Regarding your editorial "Full participation before all else" (NCR, July 20): Pope Benedict XVI has put an incredible spin on Vatican II. He has succeeded mightily in reversing the liturgical and ecclesiological reforms that flowed from the vision of the in-Spirited John XXIII.

Following the many baby steps taken by John Paul II as well as the current pope (for example, essentially prohibiting the rite of general absolution in spite of the council's direction that the most "communal form" of the rites be used whenever possible), we've finally arrived at full denial that Vatican II was actually inspired reform rather than a continuation of the same old medieval institution. So, now we have the "old" Mass back, together with its condemnation of the Jews, its exaltation of ordained ministries, and the people of God are again relegated to attendees at the "priest's Mass." Benedict said he wanted to bring back the Lefebvrites, but they haven't moved--the Vatican has. Now we're all members of the Society of St. Pius X. Kind of makes one nostalgic for Julius II, doesn,t it?

(Deacon) RICHARD WARREN

Springfield, Ore.

I wouldn't mind attending a Latin Mass sometime but there are a few safeguards I would insist upon. Does the celebrant know any Latin or is this just going to be a lot of mumbling mumbo jumbo and hocus-pocus magic like some Haitian voodoo ceremony? Lord knows, we've come to enough embarrassment of late without exposing ourselves to more ridicule. I'll never forget an old pastor of mine who relayed to me his insight on seminary training, telling me that he couldn't understand why they still insisted on teaching Greek, because the only Greek he remembered was agricola, agricolae. So much for his rendering of the sacred text. I always wondered how he could get through his Mass in 20 minutes. But since nobody was listening but saying their rosaries or reading their Little Flower missals, who cared what he was doing? Thank God he wasn't facing them.

R.J. REINKOBER

New Brighton, Minn.

In your editorial "Full participation before all else" you state, "We join with Rabbi Abraham Cooper of the Los Angeles-based Simon Wiesenthal Center and call on the pope to publicly repudiate language in the rite of the Mass that calls for the conversion of the Jews and for God to lift the 'veil from their hearts.'"

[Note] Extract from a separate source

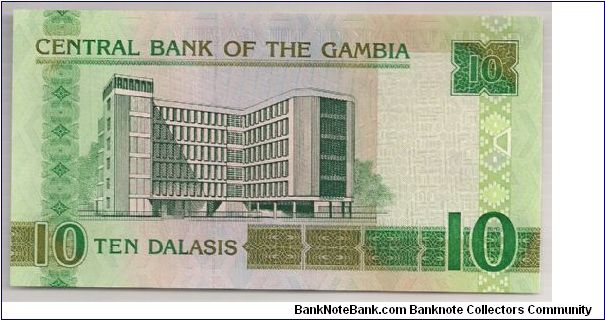 Banknote from Gambia year 2006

Why as faithful Catholics should we repudiate praying for the conversion of the Jews? It seems to me that to not pray for their conversion is antiSemitic. After all, if we prayed for everyone, except for African-Americans, for example, to come to recognize that Jesus is the Christ and savior of the world, we would be considered racists and bigots. So why exclude the Jews from our prayers for conversion? The Catholic church is missionary at heart and must pray for all to convert. Following your logic, should we also repudiate the language of St. Paul in his letter to the church in Corinth for referring to the veiled hearts of the Jews, which prevent them from recognizing Christ? Why would St. Paul wish himself to be accursed in order that some of the Jews might be saved? Why would St. Paul state in his letter to the Romans that the Jews can be grafted in again if they do not remain in unbelief?. Perhaps we should call on the pope to publicly repudiate language in these New Testament epistles.

MICHAEL FUTSCHIK

Lake Jackson, Texas

The conversation in last week's issue about the reopening of the "old Mass" ("Opinion divided on Mass decision," NCR, July 20) sadly reveals the general ignorance of its beauty and its poetic meaning--even among the professional "liturgists." I'd like to present just one example: "In the old Mass, the priest had his back to the people" (sneer). As an elder in the present, I understand that at that time that we were all facing in the same direction. In the best of the churches and cathedrals, the altar itself faces the East. We all turned East to greet the sun, which was the emblem of the Resurrection and the symbol of the Risen Christ. The Mass represented the paschal mystery. It was more than a common meal; it had mystical meanings long forgotten in our worship today. People believed in the Real Presence because they felt the divinity present. Joseph Campbell said, "The Mass has become a Julia Child show. Where is the poetry? Where is the glorious chant?" Kathleen Hughes, aren't you missing something? Or are you too young to remember?

SOPHIA MOORE

Placitas, N.M.

After reading your editorial on the return of the Latin rite, I was disappointed, dismayed and beyond discouraged. Please speak with the justice and passion with which Jesus Christ would have spoken. The Latin rite is a return to dominance, power and money. Did Opus Dei and its large bank accounts have nothing to do with this? Call a spade a spade. Please embrace the "independent" part of your tag line and stop trying to show both sides. Take a stand. This move is an oppressive act, plain and simple. The lay community, women and our brothers and sisters from other faith traditions have been trampled on in the name of Christ. Please in the name of Christ, stand up for us with your words. Jesus would expect nothing less.

LINDA CHELOTTI

Clifton, N.J.

I am considerably older than your average reader. I came into the church in college and the Latin Mass offered a safe haven. It embodied the majesty and solemnity of past cultures and allowed me to add my own interpretations where I was unfamiliar with the vocabulary. The change to English was a shock from which I have never quite recovered.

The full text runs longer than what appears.